The conservatives emphasize doing justice. The liberals emphasize, you know, loving mercy, and neither of them typically are humble before God and so they do it all wrong. Well, we want to do justice right, but we also want to love mercy correctly, and we want to engage individually and as a church in ways to reach out, touching people’s lives in the name of Jesus Christ.

And loving gives us this wonderful opportunity to do just that.

So what I’m saying is that what we just read in the text—where we have touching and then speaking in that order—it isn’t just here in the Bible. There’s a few other texts as well. In Daniel 8:18: “Now, as he was speaking with me, I was in a deep sleep with my face to the ground, but he touched me and stood me upright.” So there’s another instance where touching is the mechanism that’s used to stand Daniel upright, not speaking.

Daniel 9:21: “Yea, while I was speaking in prayer, even the man Gabriel, whom I had seen in the vision at the beginning, being caused to fly swiftly, touched me about the time of the evening oblation.” So again, the importance of God’s messengers—the ones that are sent by God—touching Daniel.

Revelation 1:17 and 18: John says, “When I saw him, I fell at his feet as dead.” So Daniel in deep sleep, doesn’t breathe. John, he’s dead. Coma. But he laid his right hand on me, saying to me, “Do not be afraid. I am the first and the last. I am he who lives and was dead, behold, I’m alive forevermore. I have the keys of Hades and death.” So he raises John up, but he raises him up by speaking to him.

But prior to the speech, we have the laying on the right hand—the right hand of Jesus on John. Again, in Isaiah 6—another traditional text we use for calling people to worship, confessing our sins, and then God’s forgiveness of our sins. Even here, it isn’t just a verbal declaration. In Isaiah 6, after Isaiah says, “I’m a dead man,” then one of the seraphim flew to me having in his hand a live coal which he had taken with the tongs from the altar and he touched my mouth with it and said, “Behold, this has touched your lips. Your iniquity is taken away and your sin purged.”

Now there’s other stuff going on—there’s a change of one’s confession or, his belief system—but tactile sensation, you see. If you think about touching someone, it means you’re going to get close to that person, right? Almost as close as you can possibly get. The only closer you could get would be kissing. That’s closer, but touching is very close. Speech is distant, right? Sight is even more distant.
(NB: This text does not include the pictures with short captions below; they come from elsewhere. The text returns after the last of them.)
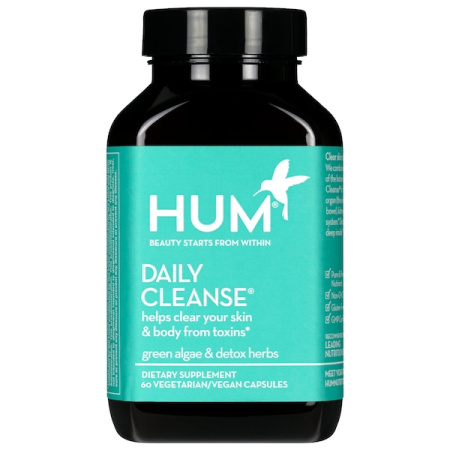 HUM NUTRITION Daily Cleanse Clear Skin and Body Detox Supplement купить в Beauty Storage. Быстрая доставка по России и СНГ.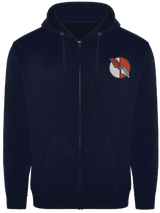 No. 7010 Squadron RAF Zipped Hoodie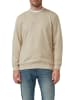S.OLIVER RED LABEL Sweatshirt in Beige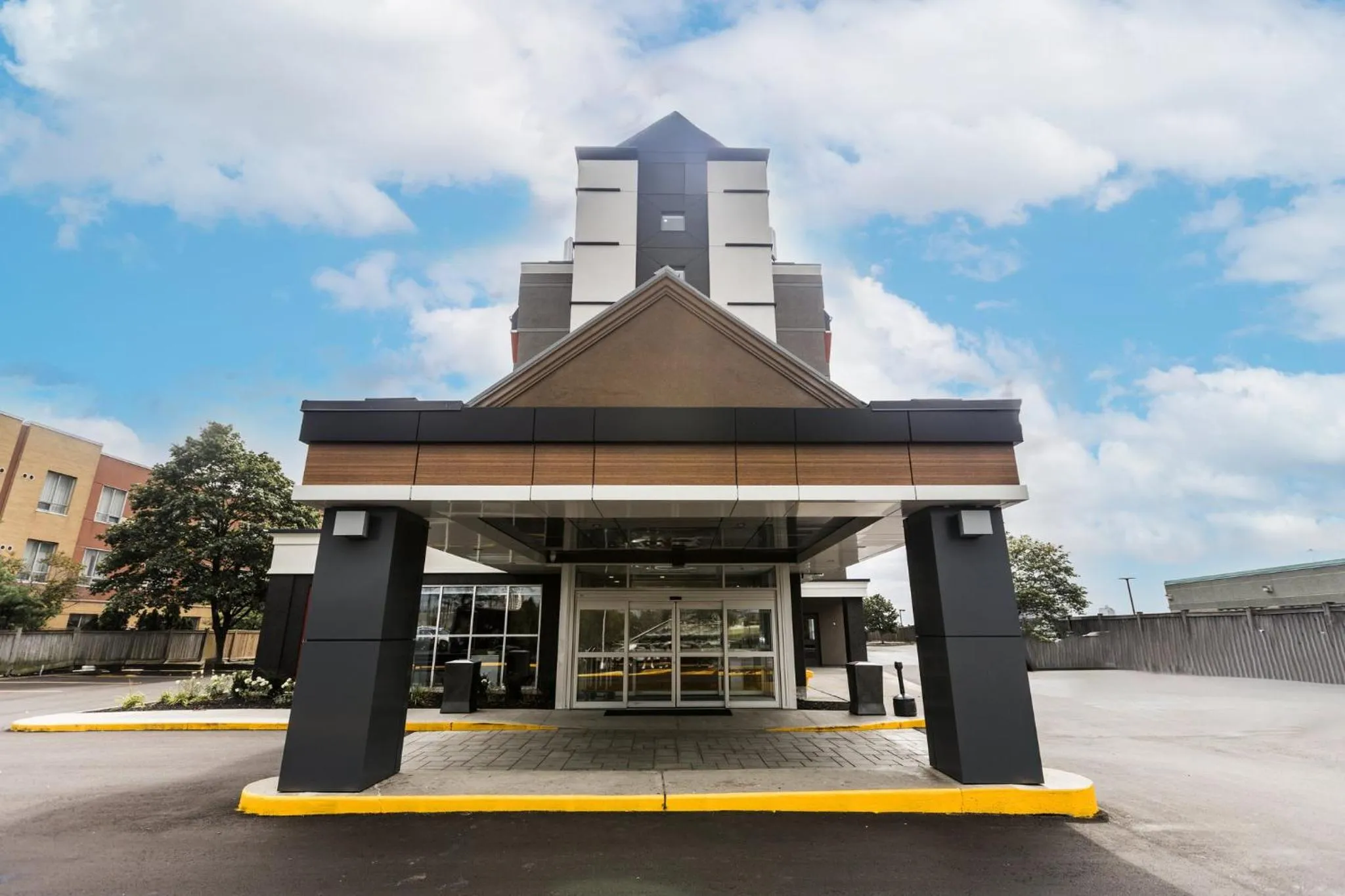 Property building in Holiday Inn Express Toronto-North York by IHG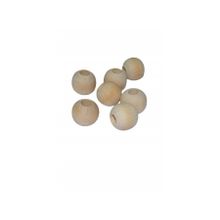 12 mm Ahşap Boncuk 50 Adet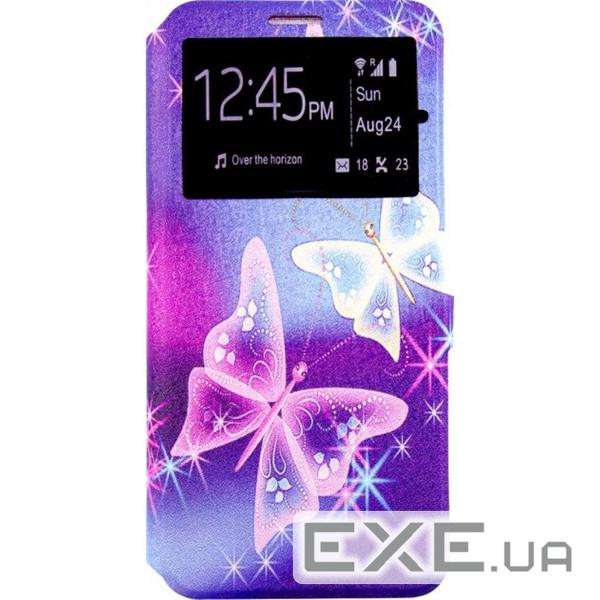 Чохол до мобільного телефона Dengos Samsung Galaxy A02s (A025) (butterfly) (DG-SL-BK-287)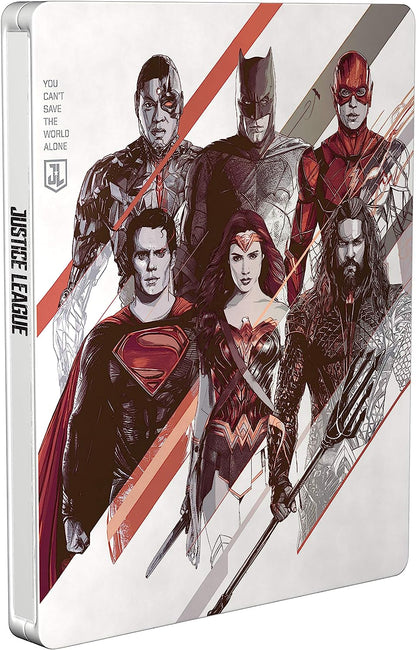 Лига справедливости (англ. язык) (Blu-ray) Mondo #026 Steelbook
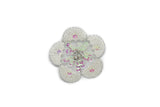 Sequins Flower Piece 2.38"
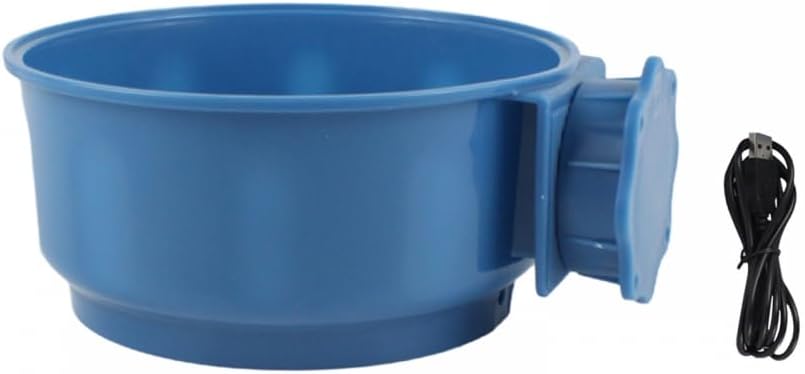 Prevent Freezing! Heated Water Bowl for Pets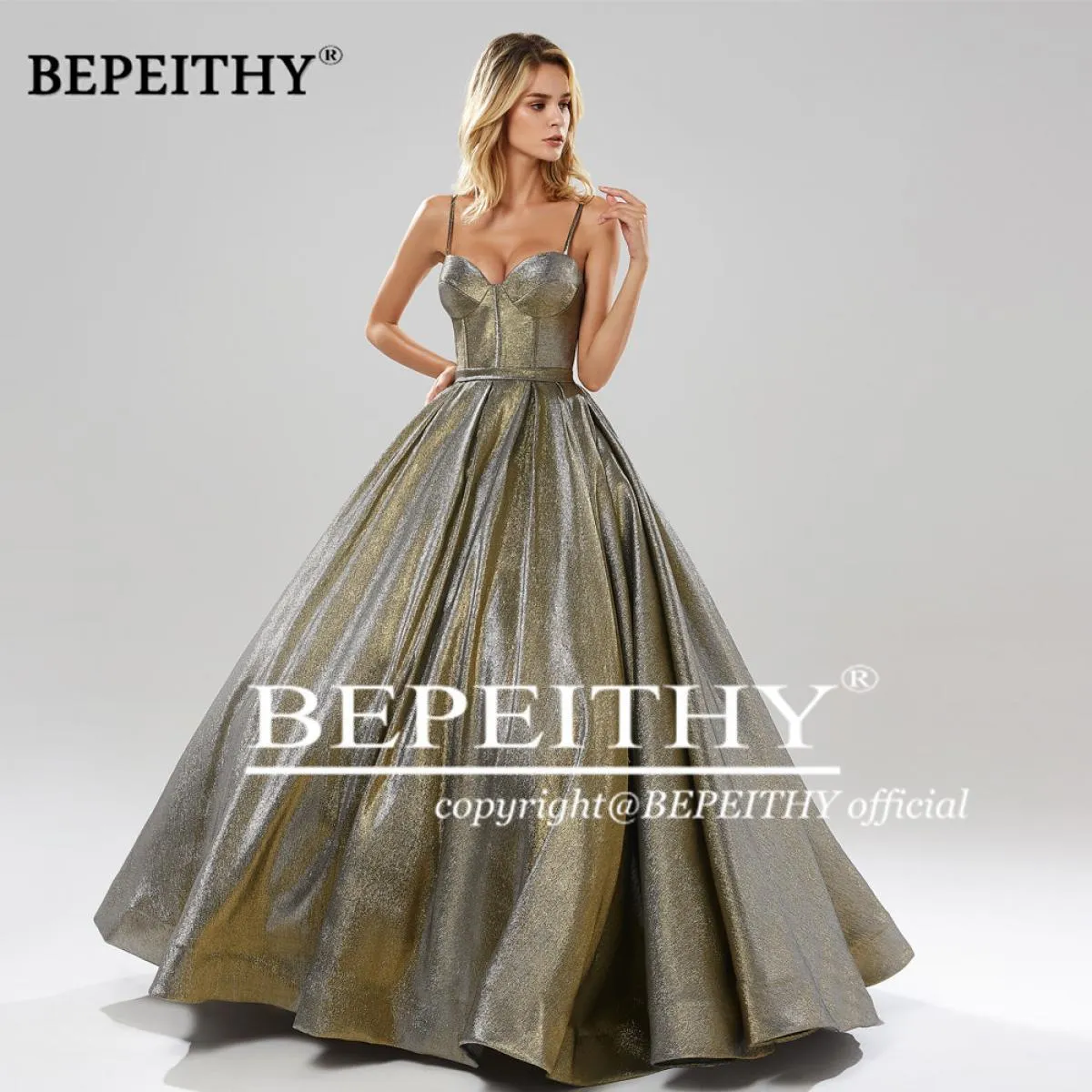 Abito lungo da ballo Bepeithy Abito da sera Bepeithy Abito da sera Bepeithy Sweetheart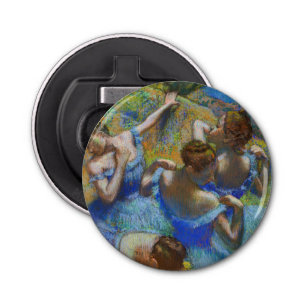 Abrebotellas Edgar Degas - Bailarinas azules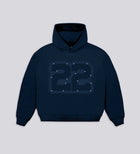 CRTV DEPT. RIVET HOODIE – Midnight Blue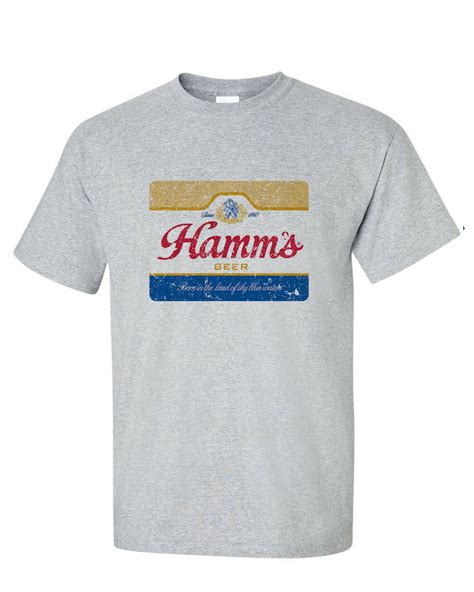 Hamm's Beer T-Shirt: A Timeless Classic for Beer Enthusiasts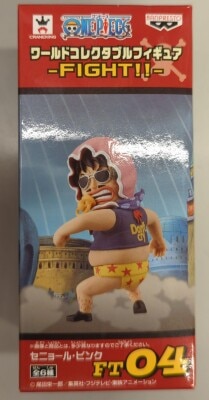 Banpresto WCF One Piece FIGHT!! FT04 Senor Pink 圖片 1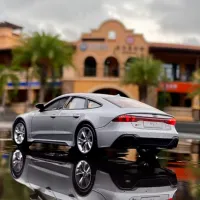 Mașină Richi Tichi Audi RS 7 Sportback 4895263400102 / / White Gray photo 4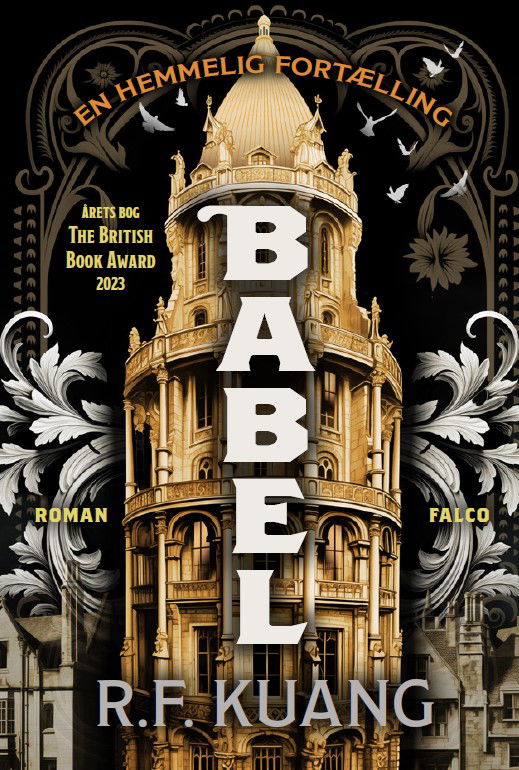 Cover for R.F. Kuang · Babel (Paperback Book) [2. Painos] (2025)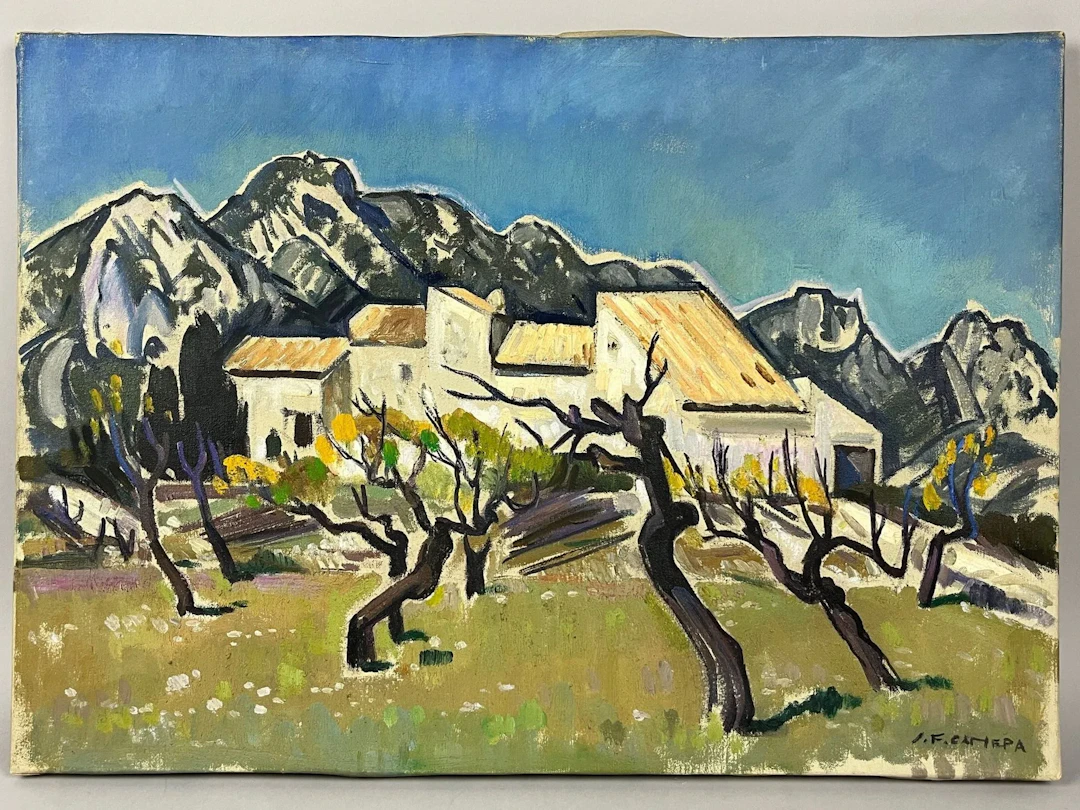 Jean-Frédéric CANEPA (1894–1981) - Lot 24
You think of the progression of the senses. Doug Jones did a great talk on this at one of the ministerial conferences. But you know, you can see somebody coming a long way away and then you can sort of hear him coming, and then maybe if he gets closer you can smell him or something coming close to you, and then the next sense is touching somebody, and then finally you eat them or whatever it is. And if you eat something, now it becomes mysterious because it’s inside your body and where is it? Who knows? I don’t know anymore.

So in terms of interaction, you know, touching someone means you’re getting as close and personal as about as you can get. We like to speak to people because that means distance, you see. But if these texts repeatedly are telling us this, it means we’ve got to kind of get involved personally in people’s lives. Whether you’re physically touching or not, even that is important.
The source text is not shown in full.